The lines in the listing below are to be given again exactly, starting at the line holding "Color Cingdom PC Steam Key GLOBAL" and ending at the line holding "Georgetown Management Quarter-Zip". Do not include pictures.

Material provided –
[Start of Attachment]
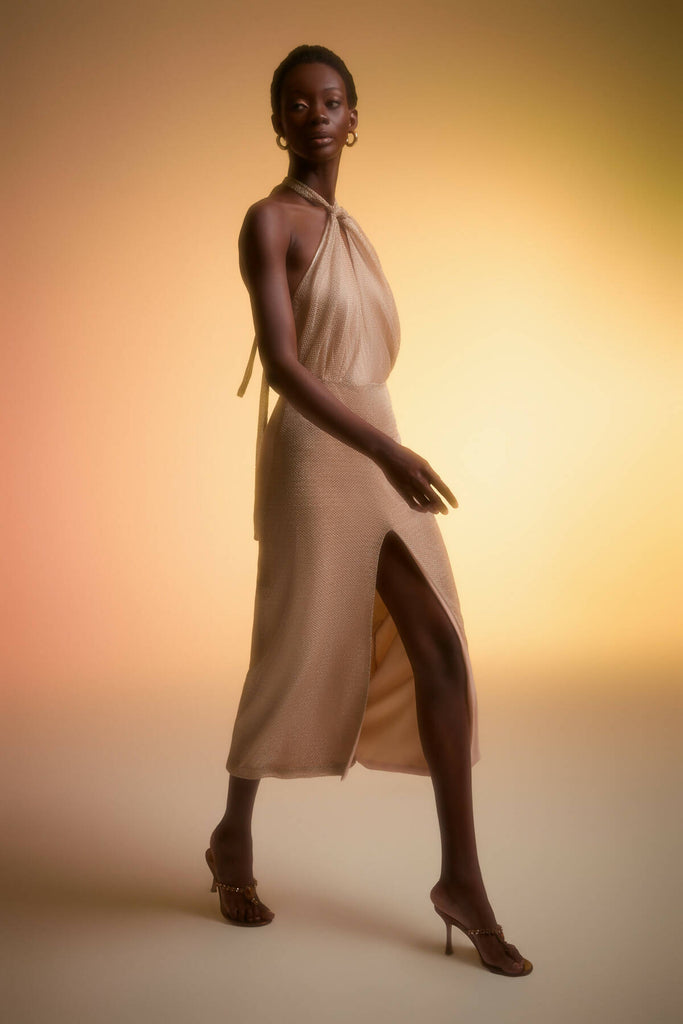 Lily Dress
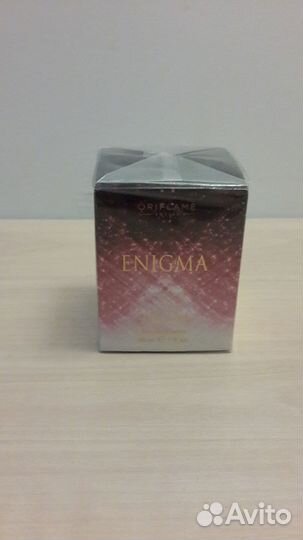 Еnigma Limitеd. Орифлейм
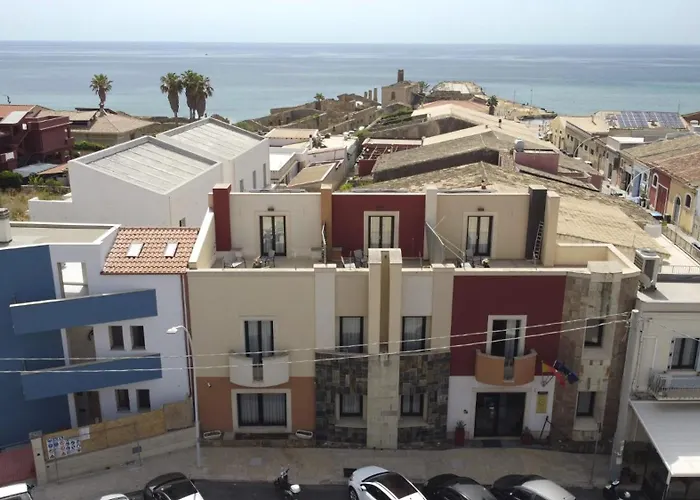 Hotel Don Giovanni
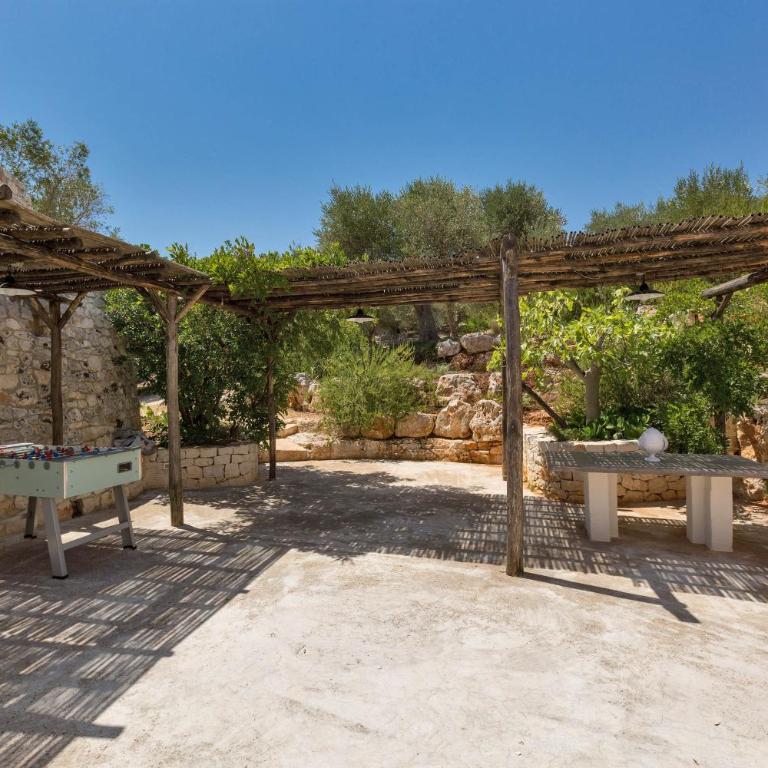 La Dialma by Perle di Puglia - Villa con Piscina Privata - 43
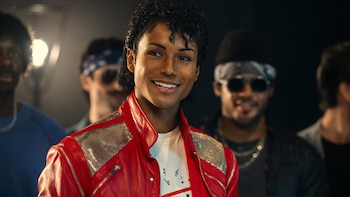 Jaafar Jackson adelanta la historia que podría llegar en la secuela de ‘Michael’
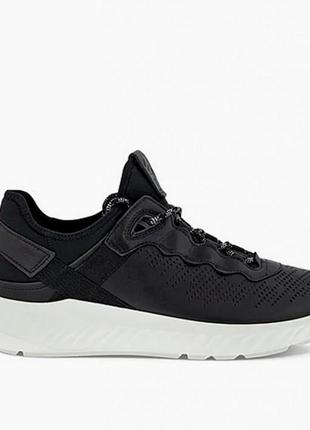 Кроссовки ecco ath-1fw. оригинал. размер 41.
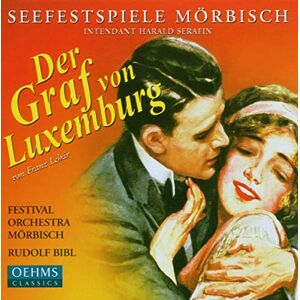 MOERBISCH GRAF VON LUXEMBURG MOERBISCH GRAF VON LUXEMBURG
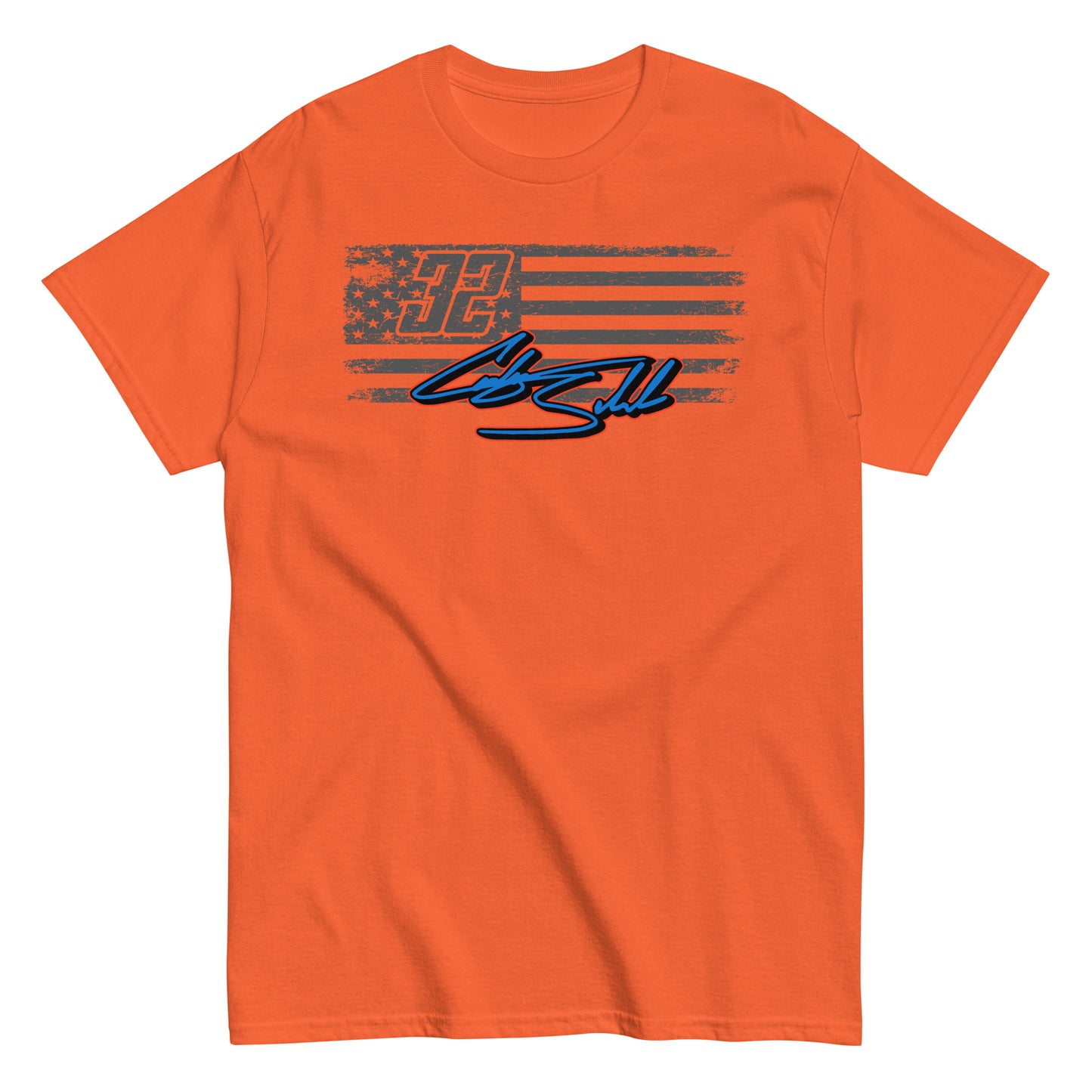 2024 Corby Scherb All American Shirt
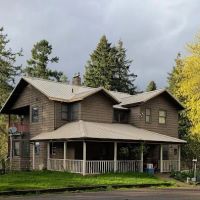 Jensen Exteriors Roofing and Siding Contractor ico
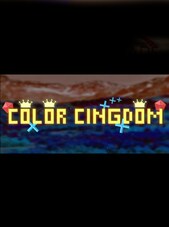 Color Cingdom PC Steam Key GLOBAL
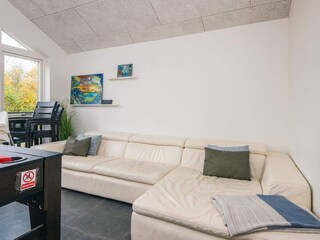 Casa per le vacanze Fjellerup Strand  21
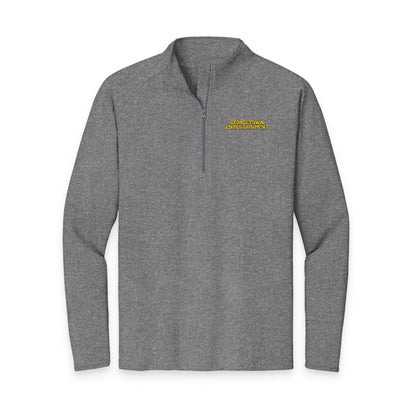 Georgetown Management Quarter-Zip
[End of Attachment]
[Start of Attachment]
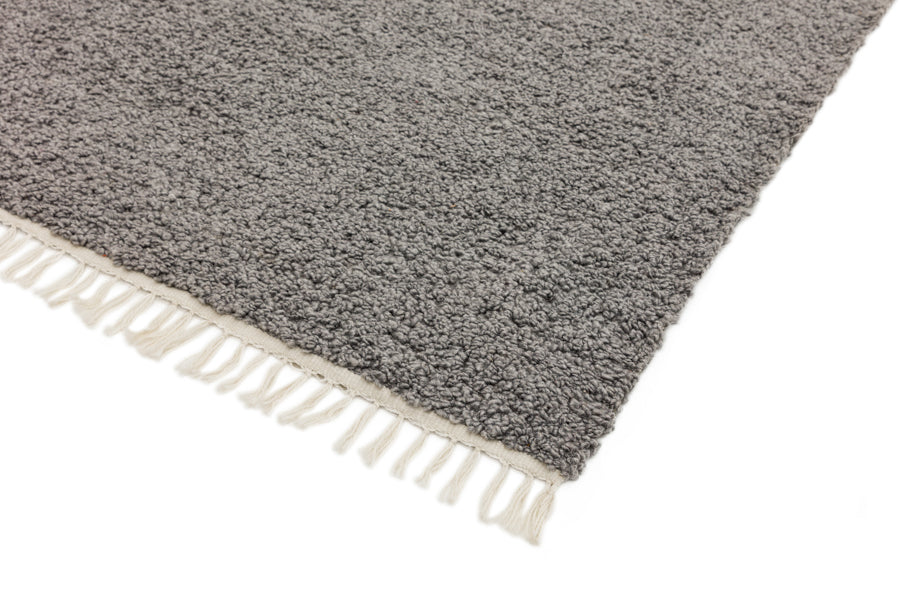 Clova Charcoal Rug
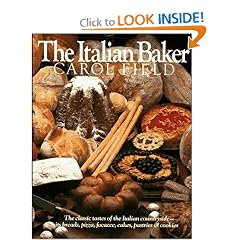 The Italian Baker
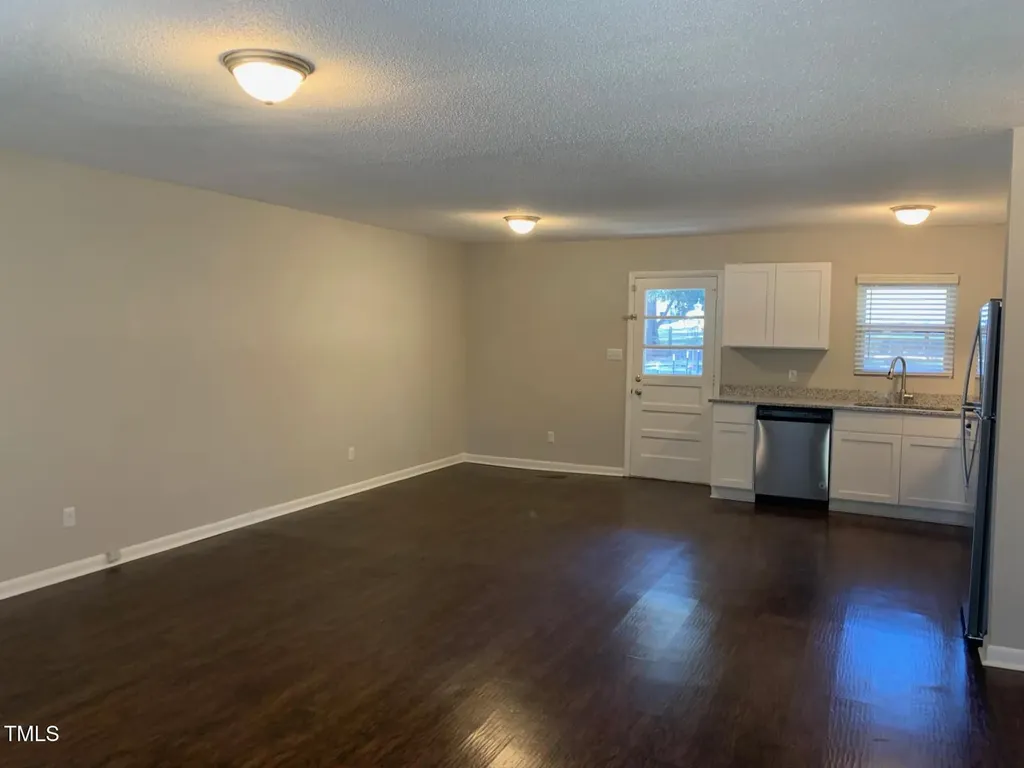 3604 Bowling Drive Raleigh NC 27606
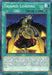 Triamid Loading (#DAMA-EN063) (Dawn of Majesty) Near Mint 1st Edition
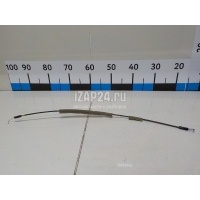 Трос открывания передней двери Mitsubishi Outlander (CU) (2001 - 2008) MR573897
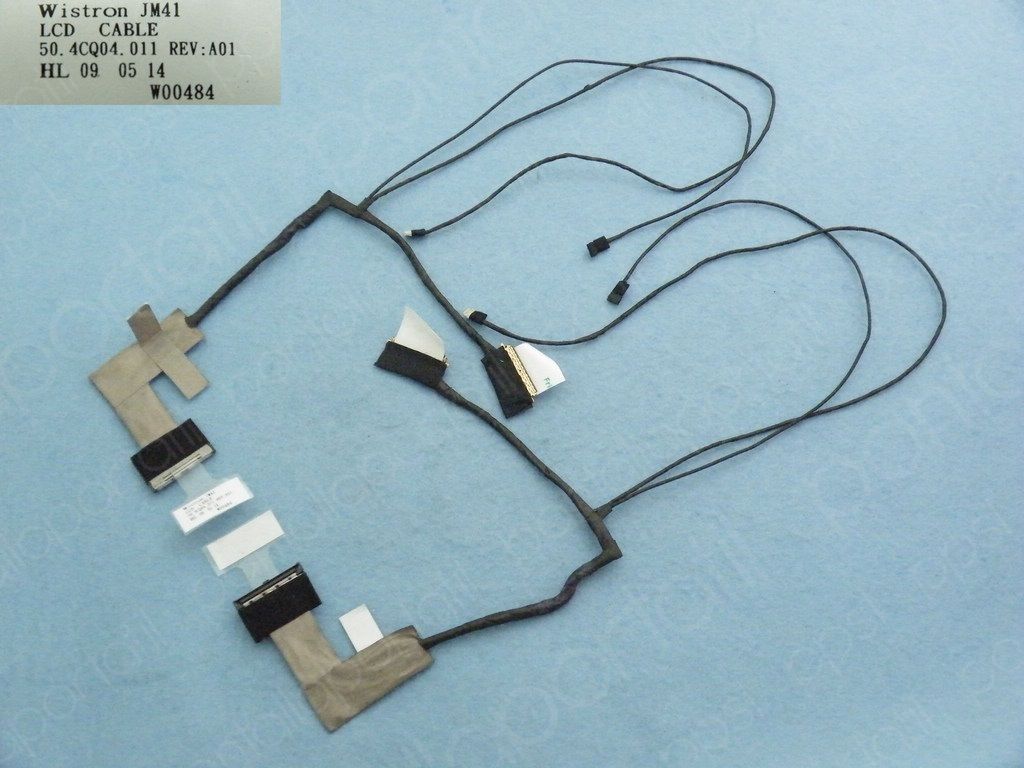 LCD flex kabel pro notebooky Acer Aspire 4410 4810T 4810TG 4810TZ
[End of Attachment]
[Start of Attachment]
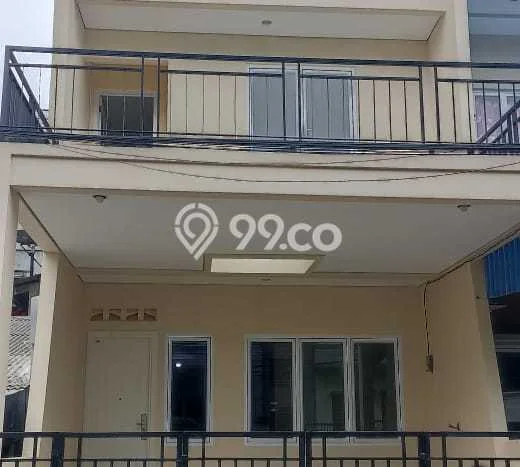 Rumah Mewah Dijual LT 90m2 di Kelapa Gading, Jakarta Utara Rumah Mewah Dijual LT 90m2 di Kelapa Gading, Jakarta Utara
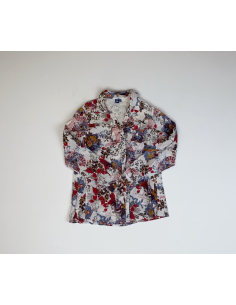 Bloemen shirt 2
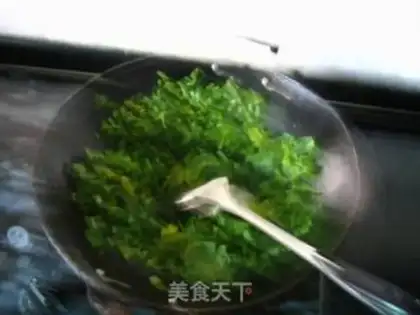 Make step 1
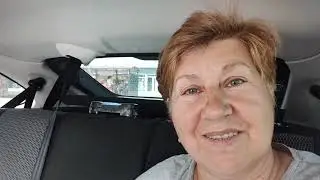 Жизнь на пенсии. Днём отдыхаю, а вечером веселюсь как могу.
[End of Attachment]
Response –
 Color Cingdom PC Steam Key GLOBAL
 Casa per le vacanze Fjellerup Strand  21
 Georgetown Management Quarter-Zip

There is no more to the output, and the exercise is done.